De uitspraak benadrukt het belang van het indienen van zienswijzen tijdens de ontwerpfase van bestemmingsplannen en de beleidsvrijheid van de gemeenteraad bij het vaststellen van bestemmingen. De Afdeling bestuursrechtspraak heeft de belangen van de betrokken partijen zorgvuldig afgewogen en de beslissing van de raad bevestigd.

Uitspraak

201306730/1/R1.
Datum uitspraak: 26 februari 2014
AFDELING
BESTUURSRECHTSPRAAK
Uitspraak in het geding tussen:
[appellant], wonend te Heijen, gemeente Gennep, en anderen,
en
de raad van de gemeente Gennep,
verweerder.
Procesverloop
Bij besluit van 13 mei 2013, nr. 2013/1375, heeft de raad het bestemmingsplan "Gennep Zuid 2012" vastgesteld.
Tegen dit besluit hebben [appellant] en anderen beroep ingesteld.
De raad heeft een verweerschrift ingediend.

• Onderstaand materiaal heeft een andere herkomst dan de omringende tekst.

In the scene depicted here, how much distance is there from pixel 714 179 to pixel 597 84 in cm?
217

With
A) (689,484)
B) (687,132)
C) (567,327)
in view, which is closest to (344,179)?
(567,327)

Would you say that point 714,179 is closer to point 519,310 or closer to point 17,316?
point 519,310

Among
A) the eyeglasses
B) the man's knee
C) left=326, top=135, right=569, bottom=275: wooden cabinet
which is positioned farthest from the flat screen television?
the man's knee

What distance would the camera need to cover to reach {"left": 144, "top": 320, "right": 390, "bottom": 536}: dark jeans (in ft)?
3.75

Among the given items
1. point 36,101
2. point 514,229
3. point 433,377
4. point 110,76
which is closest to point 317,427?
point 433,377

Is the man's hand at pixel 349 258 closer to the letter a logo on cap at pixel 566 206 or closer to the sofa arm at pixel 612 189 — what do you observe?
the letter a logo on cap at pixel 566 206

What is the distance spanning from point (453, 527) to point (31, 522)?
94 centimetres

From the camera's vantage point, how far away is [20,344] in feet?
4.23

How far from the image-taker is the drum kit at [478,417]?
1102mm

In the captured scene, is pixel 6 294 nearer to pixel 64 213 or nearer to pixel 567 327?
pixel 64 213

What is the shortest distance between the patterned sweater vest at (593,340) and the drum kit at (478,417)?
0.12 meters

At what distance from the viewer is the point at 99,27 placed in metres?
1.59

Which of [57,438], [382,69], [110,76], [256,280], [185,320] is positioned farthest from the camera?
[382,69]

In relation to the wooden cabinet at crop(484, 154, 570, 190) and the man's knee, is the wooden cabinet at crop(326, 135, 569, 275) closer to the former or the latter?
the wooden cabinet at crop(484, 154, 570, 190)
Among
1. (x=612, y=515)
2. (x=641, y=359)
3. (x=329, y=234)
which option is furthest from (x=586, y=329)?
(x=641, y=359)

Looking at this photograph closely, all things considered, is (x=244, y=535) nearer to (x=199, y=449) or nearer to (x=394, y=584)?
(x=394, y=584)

De Afdeling heeft de zaak ter zitting behandeld op 27 januari 2014, waar de raad, vertegenwoordigd door D.J.L.J. van Dun, werkzaam bij de gemeente, is verschenen.
Overwegingen
1. Het beroep van [appellant] en anderen voor zover gericht tegen het niet voorzien van de functie detailhandel op de plandelen met de bestemming "Bedrijf" ter plaatse van de percelen [locatie 1, 2 en 3], steunt niet op een bij de raad naar voren gebrachte zienswijze.

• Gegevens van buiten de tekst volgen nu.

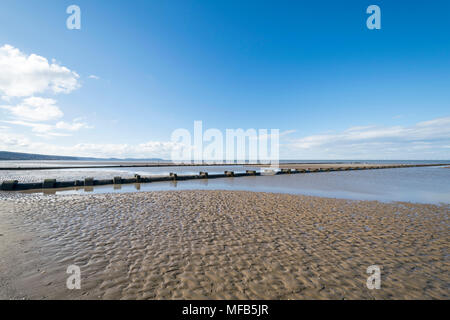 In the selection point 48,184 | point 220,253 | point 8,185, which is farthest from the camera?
point 48,184

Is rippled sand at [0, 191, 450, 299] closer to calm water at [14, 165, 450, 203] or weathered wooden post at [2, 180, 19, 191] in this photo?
calm water at [14, 165, 450, 203]

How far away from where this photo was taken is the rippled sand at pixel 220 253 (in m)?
4.02

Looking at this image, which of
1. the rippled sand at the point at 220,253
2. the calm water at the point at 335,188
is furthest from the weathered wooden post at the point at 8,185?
the rippled sand at the point at 220,253

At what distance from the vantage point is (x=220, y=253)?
18.5ft

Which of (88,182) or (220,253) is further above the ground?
(88,182)

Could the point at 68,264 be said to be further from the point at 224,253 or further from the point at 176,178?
the point at 176,178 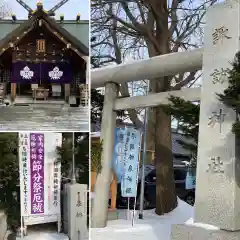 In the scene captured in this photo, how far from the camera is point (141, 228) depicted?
6.23 metres

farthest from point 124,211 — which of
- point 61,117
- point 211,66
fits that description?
point 61,117

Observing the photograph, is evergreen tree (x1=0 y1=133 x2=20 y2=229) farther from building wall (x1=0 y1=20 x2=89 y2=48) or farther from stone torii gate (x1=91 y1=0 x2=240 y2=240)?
stone torii gate (x1=91 y1=0 x2=240 y2=240)

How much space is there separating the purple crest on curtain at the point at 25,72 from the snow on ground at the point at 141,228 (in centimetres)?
241

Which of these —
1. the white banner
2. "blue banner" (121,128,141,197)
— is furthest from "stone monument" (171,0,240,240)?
"blue banner" (121,128,141,197)

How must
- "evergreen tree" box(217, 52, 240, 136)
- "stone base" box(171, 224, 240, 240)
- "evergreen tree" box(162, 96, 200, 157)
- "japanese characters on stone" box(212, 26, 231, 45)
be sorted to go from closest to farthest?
"evergreen tree" box(217, 52, 240, 136)
"stone base" box(171, 224, 240, 240)
"japanese characters on stone" box(212, 26, 231, 45)
"evergreen tree" box(162, 96, 200, 157)

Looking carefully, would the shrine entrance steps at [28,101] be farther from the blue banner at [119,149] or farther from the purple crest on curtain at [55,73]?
the blue banner at [119,149]

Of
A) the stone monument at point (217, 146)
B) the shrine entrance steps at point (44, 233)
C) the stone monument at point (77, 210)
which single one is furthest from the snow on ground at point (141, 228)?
the shrine entrance steps at point (44, 233)

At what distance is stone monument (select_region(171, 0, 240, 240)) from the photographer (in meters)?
4.10

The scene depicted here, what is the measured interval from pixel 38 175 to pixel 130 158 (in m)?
3.13

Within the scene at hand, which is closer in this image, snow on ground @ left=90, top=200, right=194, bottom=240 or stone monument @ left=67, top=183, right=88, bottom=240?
stone monument @ left=67, top=183, right=88, bottom=240

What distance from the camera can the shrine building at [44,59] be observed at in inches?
131

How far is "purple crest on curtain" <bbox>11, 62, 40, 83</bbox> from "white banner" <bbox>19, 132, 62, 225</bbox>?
457 mm

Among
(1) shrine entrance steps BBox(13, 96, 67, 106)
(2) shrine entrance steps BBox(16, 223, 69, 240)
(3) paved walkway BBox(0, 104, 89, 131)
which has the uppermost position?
(1) shrine entrance steps BBox(13, 96, 67, 106)

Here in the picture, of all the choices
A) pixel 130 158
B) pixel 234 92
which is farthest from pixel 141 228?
pixel 234 92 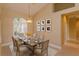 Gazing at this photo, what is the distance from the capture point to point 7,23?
1.89 m

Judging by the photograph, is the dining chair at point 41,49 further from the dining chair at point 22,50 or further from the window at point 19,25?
the window at point 19,25

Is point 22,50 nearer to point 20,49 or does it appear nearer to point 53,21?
point 20,49

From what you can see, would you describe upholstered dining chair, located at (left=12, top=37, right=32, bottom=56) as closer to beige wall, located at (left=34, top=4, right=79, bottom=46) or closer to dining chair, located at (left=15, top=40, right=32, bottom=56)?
dining chair, located at (left=15, top=40, right=32, bottom=56)

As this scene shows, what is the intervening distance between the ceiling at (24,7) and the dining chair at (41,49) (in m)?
0.47

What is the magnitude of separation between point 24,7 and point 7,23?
35cm

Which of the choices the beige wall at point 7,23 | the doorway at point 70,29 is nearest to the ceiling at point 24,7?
the beige wall at point 7,23

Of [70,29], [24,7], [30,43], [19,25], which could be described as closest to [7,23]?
[19,25]

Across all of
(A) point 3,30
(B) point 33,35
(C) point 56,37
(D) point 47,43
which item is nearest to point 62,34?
(C) point 56,37

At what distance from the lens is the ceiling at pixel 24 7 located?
6.20ft

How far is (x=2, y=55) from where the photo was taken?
6.25 ft

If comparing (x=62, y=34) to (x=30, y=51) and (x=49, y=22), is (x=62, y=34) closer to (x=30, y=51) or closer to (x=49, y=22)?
(x=49, y=22)

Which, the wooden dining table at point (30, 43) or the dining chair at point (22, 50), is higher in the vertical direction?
the wooden dining table at point (30, 43)

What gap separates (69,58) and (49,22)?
1.99 ft

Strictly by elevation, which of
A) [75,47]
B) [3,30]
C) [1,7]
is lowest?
[75,47]
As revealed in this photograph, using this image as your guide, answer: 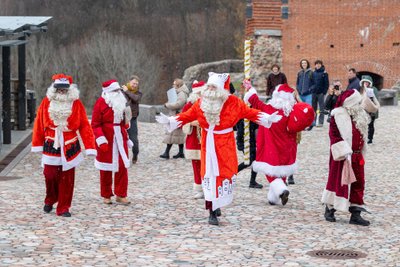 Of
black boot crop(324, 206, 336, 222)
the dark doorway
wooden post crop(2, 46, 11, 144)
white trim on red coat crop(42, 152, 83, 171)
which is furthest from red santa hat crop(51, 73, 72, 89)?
the dark doorway

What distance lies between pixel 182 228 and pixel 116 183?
1984 mm

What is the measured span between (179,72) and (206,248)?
192ft

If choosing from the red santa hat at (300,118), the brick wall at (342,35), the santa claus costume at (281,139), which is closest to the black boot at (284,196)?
the santa claus costume at (281,139)

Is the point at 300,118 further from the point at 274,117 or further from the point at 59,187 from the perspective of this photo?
the point at 59,187

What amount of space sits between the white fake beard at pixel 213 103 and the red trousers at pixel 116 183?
5.77 feet

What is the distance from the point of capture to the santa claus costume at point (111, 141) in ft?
40.0

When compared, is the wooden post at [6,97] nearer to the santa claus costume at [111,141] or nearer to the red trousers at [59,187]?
the santa claus costume at [111,141]

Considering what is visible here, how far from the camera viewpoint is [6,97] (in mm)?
20594

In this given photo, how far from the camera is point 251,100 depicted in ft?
40.4

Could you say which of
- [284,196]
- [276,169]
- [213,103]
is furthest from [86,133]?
[284,196]

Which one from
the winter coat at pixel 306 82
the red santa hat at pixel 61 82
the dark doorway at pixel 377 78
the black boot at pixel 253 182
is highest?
the red santa hat at pixel 61 82

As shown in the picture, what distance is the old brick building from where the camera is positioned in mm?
35562

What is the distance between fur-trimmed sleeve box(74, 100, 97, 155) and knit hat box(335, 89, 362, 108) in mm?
2914

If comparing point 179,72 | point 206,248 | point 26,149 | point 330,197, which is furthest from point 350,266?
point 179,72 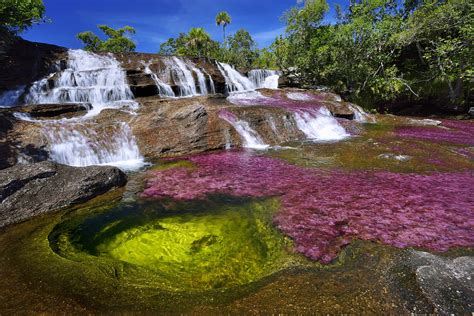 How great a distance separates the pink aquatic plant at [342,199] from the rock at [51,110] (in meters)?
A: 9.57

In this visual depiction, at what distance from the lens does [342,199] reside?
8797 mm

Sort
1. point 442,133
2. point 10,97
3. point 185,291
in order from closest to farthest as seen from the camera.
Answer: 1. point 185,291
2. point 10,97
3. point 442,133

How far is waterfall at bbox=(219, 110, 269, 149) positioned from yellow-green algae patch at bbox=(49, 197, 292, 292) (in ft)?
28.0

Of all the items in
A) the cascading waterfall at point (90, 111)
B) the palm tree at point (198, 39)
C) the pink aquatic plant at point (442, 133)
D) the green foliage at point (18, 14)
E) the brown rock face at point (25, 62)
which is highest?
the palm tree at point (198, 39)

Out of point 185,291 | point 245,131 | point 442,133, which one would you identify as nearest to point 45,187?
point 185,291

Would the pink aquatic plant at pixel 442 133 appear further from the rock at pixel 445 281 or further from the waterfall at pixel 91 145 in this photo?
the waterfall at pixel 91 145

Ingevolge artikel 8:1 van de Algemene wet bestuursrecht (hierna: Awb), in samenhang gelezen met artikel 8:6 van de Awb en artikel 2 van bijlage 2 bij de Awb alsmede met artikel 6:13 van de Awb, kan door een belanghebbende geen beroep worden ingesteld tegen onderdelen van het besluit tot vaststelling van een bestemmingsplan waarover hij tegen het ontwerpplan geen zienswijze naar voren heeft gebracht, tenzij hem redelijkerwijs niet kan worden verweten dit te hebben nagelaten.
Deze omstandigheid doet zich niet voor. Het beroep van [appellant] en anderen is in zoverre niet-ontvankelijk.
2. Bij de vaststelling van een bestemmingsplan heeft de raad beleidsvrijheid om bestemmingen aan te wijzen en regels te geven die de raad uit een oogpunt van een goede ruimtelijke ordening nodig acht. De Afdeling toetst deze beslissing terughoudend. Dit betekent dat de Afdeling aan de hand van de beroepsgronden beoordeelt of aanleiding bestaat voor het oordeel dat de raad zich niet in redelijkheid op het standpunt heeft kunnen stellen dat het plan strekt ten behoeve van een goede ruimtelijke ordening. Voorts beoordeelt de Afdeling aan de hand van de beroepsgronden of het bestreden besluit anderszins is voorbereid of genomen in strijd met het recht.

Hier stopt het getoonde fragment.